僕の父親はキューバでしばらく単身赴任をしていました。普通のサラリーマンだった僕の父親ですが、帰ってきたときは見事にヒゲを蓄えていたそうです。向こうでは、男がヒゲを生やすのは当然で、逆にヒゲを生やしていないと子供扱いされるんだとか。父親は家でもよく鏡を見て手入れしていたらしいですが、単身赴任から帰国して、上司に剃れと言われたそうです。剃らずに会社に行ったのが僕の父親らしいですが、まあ国によっても事情は違うようです。
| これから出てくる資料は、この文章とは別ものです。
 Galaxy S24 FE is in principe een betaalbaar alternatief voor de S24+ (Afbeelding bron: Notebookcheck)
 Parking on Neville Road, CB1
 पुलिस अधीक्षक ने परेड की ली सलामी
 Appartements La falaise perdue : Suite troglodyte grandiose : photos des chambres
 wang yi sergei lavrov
ということで、日本で暮らす僕は気がつけばヒゲを剃り続けてきました。たまに旅行とか休みのときは剃らないときもありますが、せいぜい1週間そこらです。僕は前から疑問に思っていました。


ヒゲはどこまで伸びるのだろう。


僕の知っている人間の毛は、大体、ある長さで止まります。まゆ毛とかまつ毛とか代表的です。普通、哺乳類の毛って長さが決まっているもので、赤道近くに住むものは短めですが、例えばホッキョクグマなんて長めで密度も高いです。でももちろん寒いからって伸び放題だったら泳ぎにくくなってアザラシを捕れなくなるから、長さというのはやっぱりある程度の長さで止まるんだと思います。例外的なのは髪の毛で、これもどこかで止まるんじゃないかと思ったりもしますが、相当長く伸びるので検証は困難でした。
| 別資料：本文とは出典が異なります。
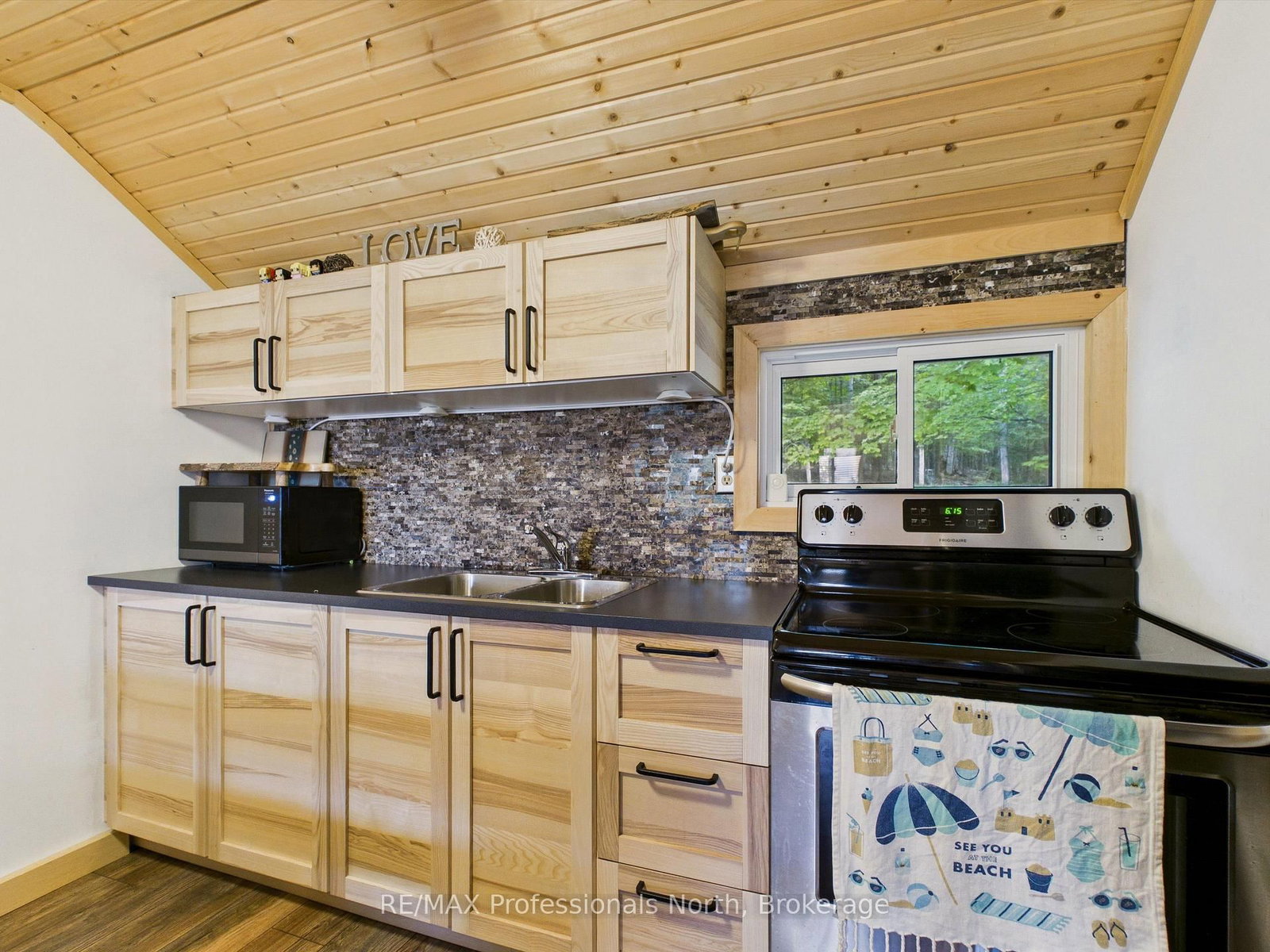 1102 Unit #4 Birchcroft Road • Lake of Bays, ON photo 12
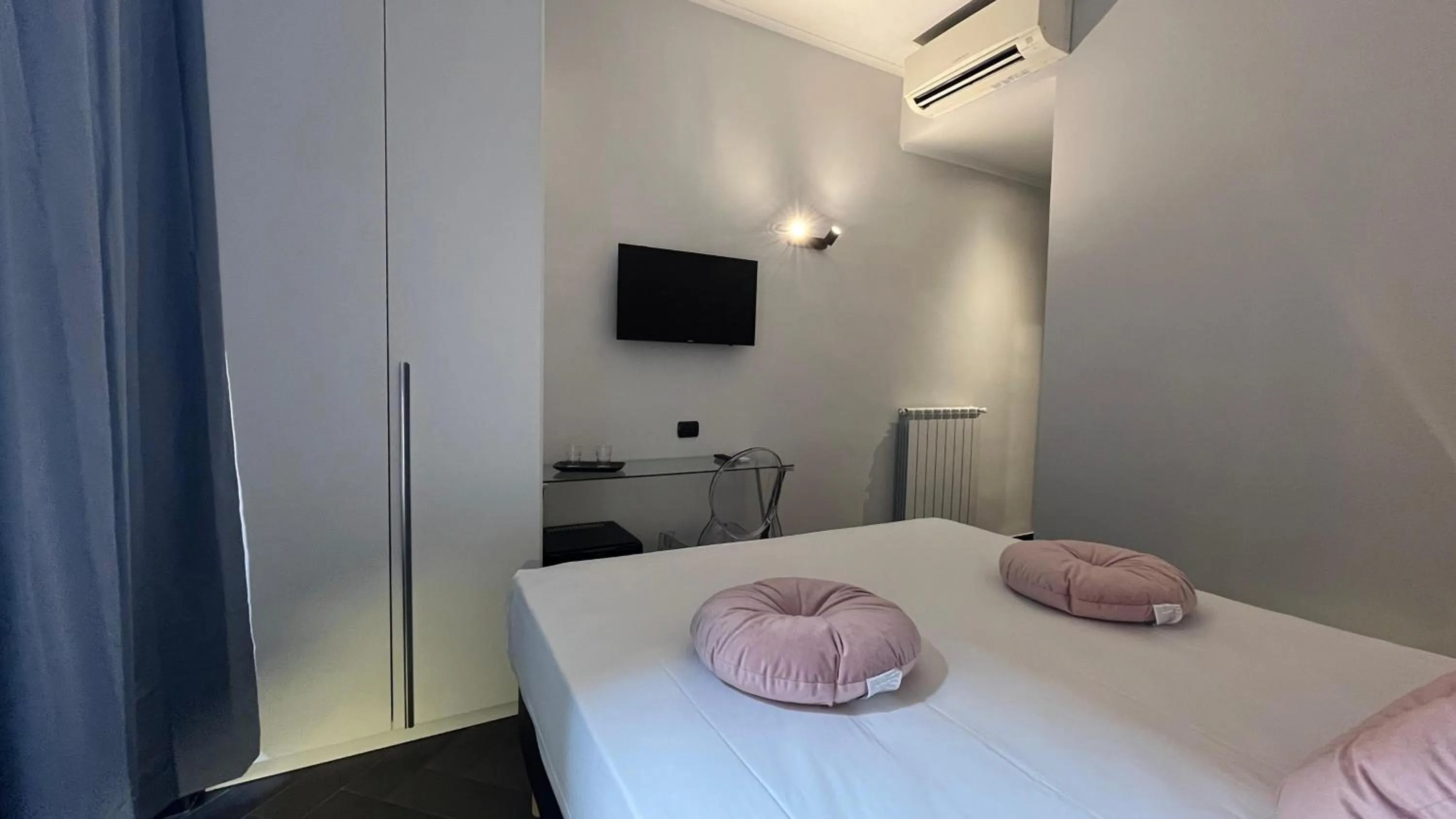 Bedroom, Bed in Cloud 9 Hotel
そんな中、僕はしばらく会社に行かなくてもいいという状況に陥りました。一見何もできなさそうなこの状況。でもこの状況は、会社に行っているときにはできないことができる状況でもあるのです。


ということで僕はヒゲを伸ばし始めました。


反対の声もありましたが、まず思うことはとても楽だということです。ヒゲを剃るというのは、それ自体が面倒なだけでなく危険が伴います。メイクを失敗してもやり直す手がありますが、朝出血してしまうとそれを修復してから会社に行くことは不可能。それがないだけでもかなり楽です。


でも今までには気付かなかった意外な面もありました。僕はとにかく伸ばすことを考えていたのですが、口の上に生えているヒゲは、割と早い段階で伸びが止まると思っていました。だってそうじゃないと物を食べるときに不便じゃないですか。まゆ毛が伸びすぎたら前が見にくくなるのと同じです。しかし違いました。口ヒゲは止まることなく伸び続け、やがて口に入るようになりました。
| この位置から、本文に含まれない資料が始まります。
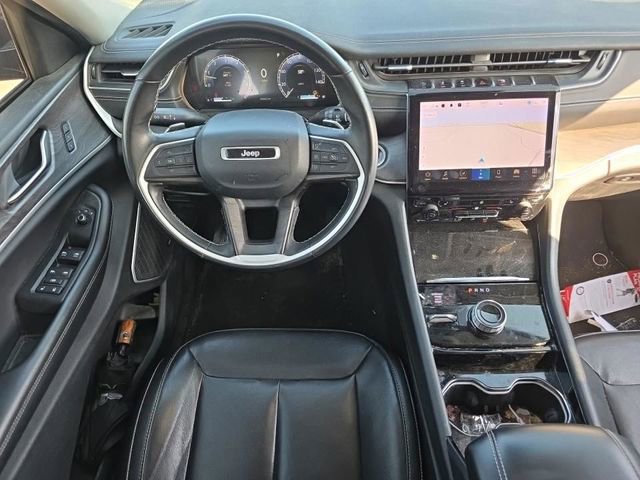 Used 2022 Jeep Grand Cherokee L Limited image 16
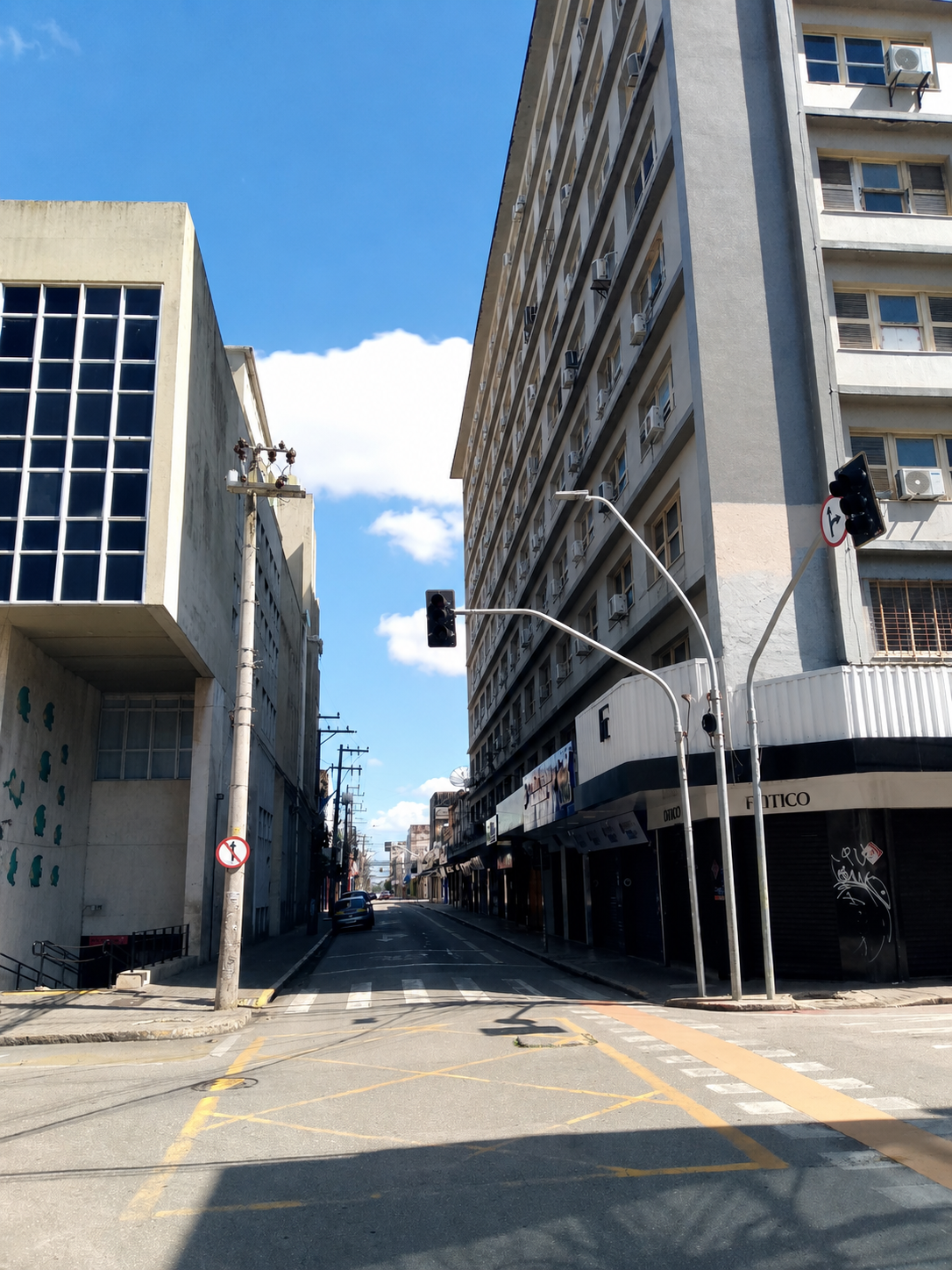 LOJA COMERCIAL NA RUA PEDRO PEREIRA 460 - SEU CORRETOR DE IMOVEIS EM FORTALEZA - WHATSAPP 85 99431 0000 - SEUCORRERORDEIMOVEIS.COM.BR - DANILO WAGNER - CORRETOR DE IMOVEIS   01001000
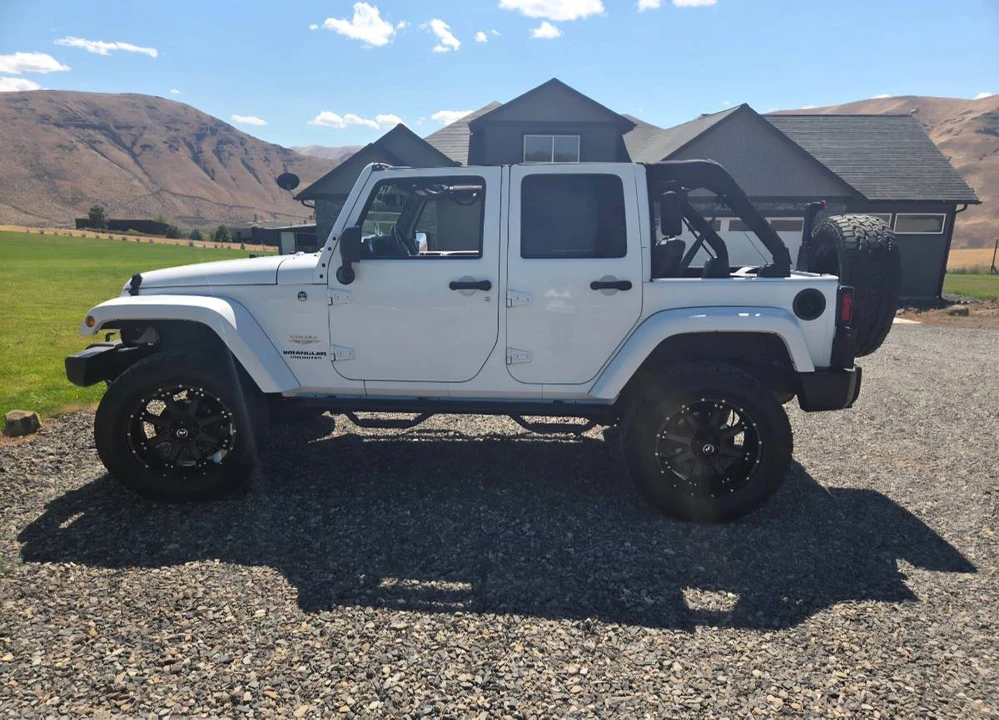 2015 Jeep JK Wrangler - Image 9 of 17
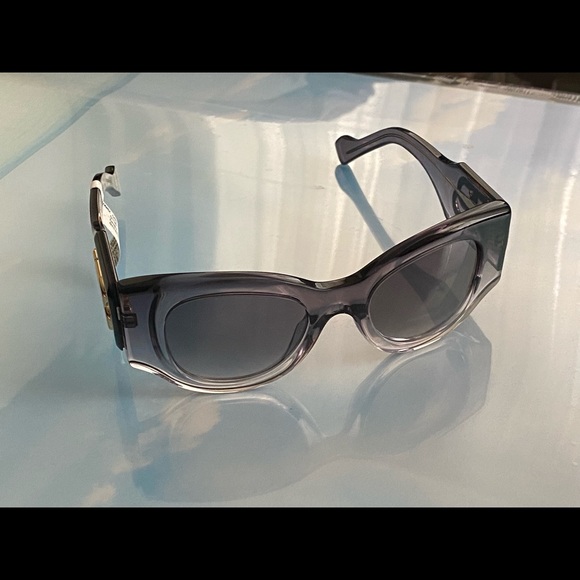 BALENCIAGA SUNGLASSES, WIDE EXTRA LARGE TEMPLE LOGO, SMOKE, PARIS COLLECTION - Picture 5 of 6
よく女の子の長い髪の毛が口に入ってしまうのを目にしますが、それのヒゲ版です。たまたまそのとき、ポアンカレ予想を解いた後謎の失踪を遂げたというグレゴリ・ペレリマンの特集を見ていたのですが、よく見たら彼なんて口がどこにあるのかわからないくらいヒゲが生えてて、さながらゴン太君のような状態でした。


口ヒゲは都合のいいところで止まらないらしいことがわかりました。


このため、ご飯を食べるときに物がヒゲにくっつくだけでなく、お茶を飲むだけでヒゲが濡れていちいち拭かないといけないし、衛生的にもよくないなと思いました。そうこうしている内に新たな問題にもぶつかりました。


面積的に広い部分を占めるアゴヒゲが伸びるに従い、お風呂に入った後、ヒゲを乾かさないといけなくなりました。これは予想外でした。まさかヒゲを乾かすことになるなんて…。もともと髪の毛をドライヤーで乾かすのとか面倒に思う方なので、これは盲点でした。


更に、僕は歯を磨くときに泡が口の外に出るのですが、歯磨き粉の泡がヒゲにつくとシャンプーをした髪の毛状態になり、洗い流さなければならなくなりました。もちろんその後は乾かす必要があります。そしてヒゲは止まることなく、髪の毛と同程度のスピードで伸び続けました。


ということで、僕はヒゲをハサミで切りました。とても楽になりました。


結論:ヒゲなんて生えなきゃいいのに。